The Center for Structural Genomics of Infectious Diseases (CSGID), which is led by Wayne Anderson, Professor of Molecular Pharmacology and Biological Chemistry at Feinberg (Chicago, IL), and the Seattle Structural Genomics Center for Infectious Disease (SSGCID), led by Peter Myler, Full Member at Seattle BioMed and Affiliate Professor of Global Health and Medical Education & Biomedical Informatics at the University of Washington, were created in 2007 through contracts from the National Institute of Allergy and Infectious Diseases (NIAID), part of the National Institutes of Health (NIH). The Centers' mission is to apply genome-scale approaches in solving protein structures from biodefense organisms, as well as those causing emerging and re-emerging diseases.

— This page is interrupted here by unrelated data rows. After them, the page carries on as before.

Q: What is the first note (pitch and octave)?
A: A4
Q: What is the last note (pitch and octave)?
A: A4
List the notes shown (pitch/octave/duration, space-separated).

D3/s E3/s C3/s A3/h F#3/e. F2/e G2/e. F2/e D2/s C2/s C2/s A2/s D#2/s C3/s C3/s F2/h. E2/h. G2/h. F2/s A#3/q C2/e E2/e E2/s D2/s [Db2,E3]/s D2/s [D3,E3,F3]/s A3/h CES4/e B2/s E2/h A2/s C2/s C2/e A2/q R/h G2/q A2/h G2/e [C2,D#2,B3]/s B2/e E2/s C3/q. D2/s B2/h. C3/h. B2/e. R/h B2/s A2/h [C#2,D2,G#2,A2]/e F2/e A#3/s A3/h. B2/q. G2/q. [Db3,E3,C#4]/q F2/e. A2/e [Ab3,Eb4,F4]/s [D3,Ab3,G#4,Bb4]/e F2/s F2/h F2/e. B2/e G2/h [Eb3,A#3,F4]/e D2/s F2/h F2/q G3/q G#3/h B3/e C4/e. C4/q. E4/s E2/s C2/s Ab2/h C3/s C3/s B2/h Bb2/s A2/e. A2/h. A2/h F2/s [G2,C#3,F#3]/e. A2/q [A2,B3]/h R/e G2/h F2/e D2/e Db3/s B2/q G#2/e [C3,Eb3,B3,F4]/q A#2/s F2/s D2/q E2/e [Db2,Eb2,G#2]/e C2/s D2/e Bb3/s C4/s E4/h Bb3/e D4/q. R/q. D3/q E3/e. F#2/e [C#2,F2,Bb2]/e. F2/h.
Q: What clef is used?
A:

"By determining the three-dimensional structure of these proteins, we can identify important pockets or clefts and design small molecules which will disrupt their disease-causing function," said Myler. "Each solved structure provides an important piece of new knowledge for scientists about a wide variety of diseases."

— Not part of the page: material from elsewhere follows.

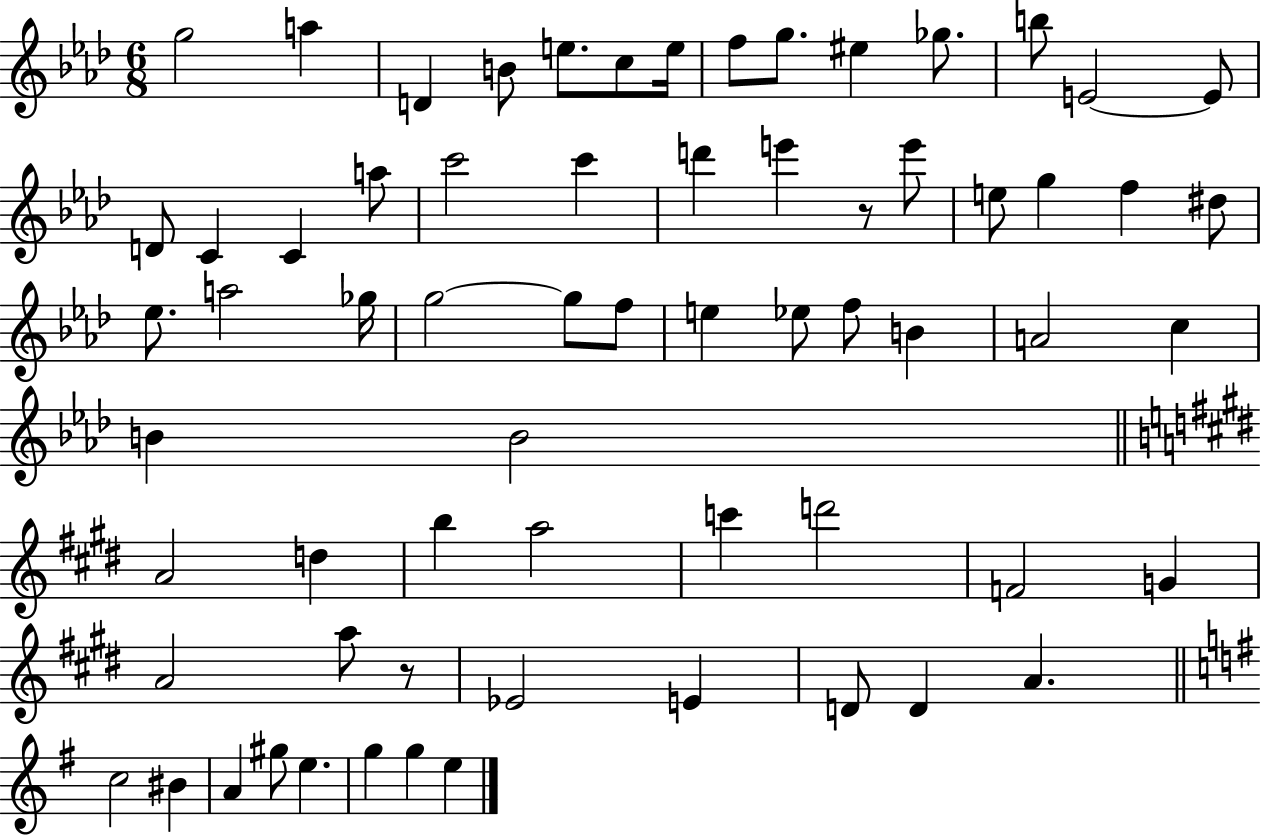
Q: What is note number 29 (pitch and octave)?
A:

Recently, scientists from the Seattle group, which includes Emerald BioStructures, the University of Washington and Pacific Northwest National Laboratory in addition to Seattle BioMed, provided structural data that offered insight into how specific differences in one of the RNA polymerase proteins in the swine flu virus changed the way it interacts with host cells, allowing it to infect humans. This information could provide a basis for future antiviral agents that could be used to prevent replication of the flu virus.

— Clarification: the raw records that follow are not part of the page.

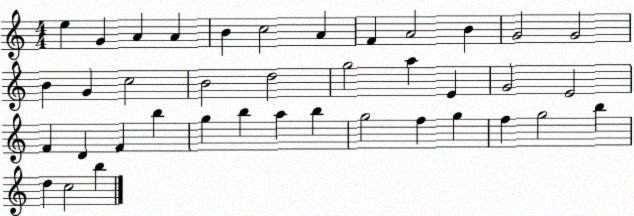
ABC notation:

X:1
T:Untitled
M:4/4
L:1/4
K:C
e G A A B c2 A F A2 B G2 G2 B G c2 B2 d2 g2 a E G2 E2 F D F b g b a b g2 f g f g2 b d c2 b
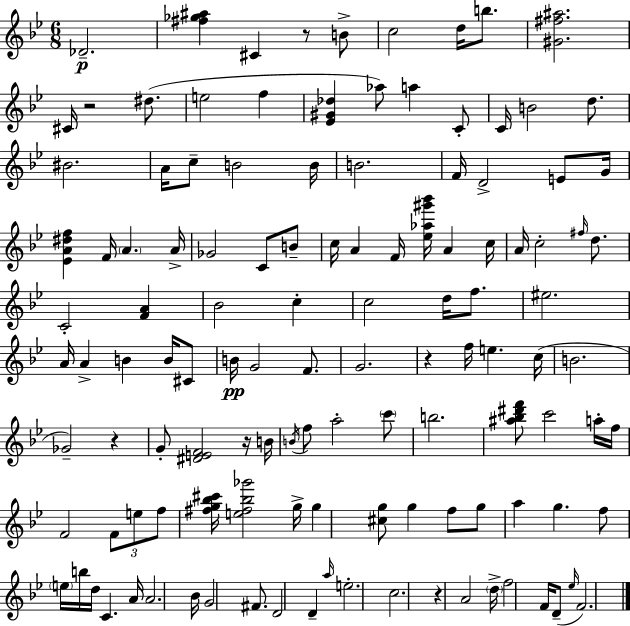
Db4/h. [F#5,Gb5,A#5]/q C#4/q R/e B4/e C5/h D5/s B5/e. [G#4,F#5,A#5]/h. C#4/s R/h D#5/e. E5/h F5/q [Eb4,G#4,Db5]/q Ab5/e A5/q C4/e C4/s B4/h D5/e. BIS4/h. A4/s C5/e B4/h B4/s B4/h. F4/s D4/h E4/e G4/s [Eb4,A4,D#5,F5]/q F4/s A4/q. A4/s Gb4/h C4/e B4/e C5/s A4/q F4/s [Eb5,Ab5,G#6,Bb6]/s A4/q C5/s A4/s C5/h F#5/s D5/e. C4/h [F4,A4]/q Bb4/h C5/q C5/h D5/s F5/e. EIS5/h. A4/s A4/q B4/q B4/s C#4/e B4/s G4/h F4/e. G4/h. R/q F5/s E5/q. C5/s B4/h. Gb4/h R/q G4/e [D#4,E4,F4]/h R/s B4/s B4/s F5/e A5/h C6/e B5/h. [A#5,Bb5,D#6,F6]/e C6/h A5/s F5/s F4/h F4/e E5/e F5/e [F#5,G5,Bb5,C#6]/s [E5,F#5,Bb5,Gb6]/h G5/s G5/q [C#5,G5]/e G5/q F5/e G5/e A5/q G5/q. F5/e E5/s B5/s D5/s C4/q. A4/s A4/h. Bb4/s G4/h F#4/e. D4/h D4/q A5/s E5/h. C5/h. R/q A4/h D5/s F5/h F4/s D4/e Eb5/s F4/h.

Other structures solved come from little known or emerging pathogens that cause disease and death, but have been less well studied by the research community. For example, the SSGCID solved the first protein structure from Rickettsia, bacterial pathogens carried by many ticks, fleas and lice that causes several forms of typhus and spotted fever.
Recently, scientists at CSGID determined the structure of a crucial enzyme in the shikimate pathway of Clostridium difficile, which is the most serious cause of antibiotic-associated diarrhea in humans and can lead to pseudomembranous colitis, a severe infection of the colon often resulting from eradication of the normal gut flora by antibiotics. The shikimate pathway is essential for plants and bacteria like C. difficile, but is not present in animals, making this enzyme an attractive antibiotic target. CSGID researchers have also determined the structures of numerous proteins from other disease-causing organisms such as Bacillus anthracis (anthrax), Salmonella enterica (salmonellosis food poisoning), Vibrio cholerae (cholera), Yersinia pestis (plague), and Staphylococcus aureus (staph infections).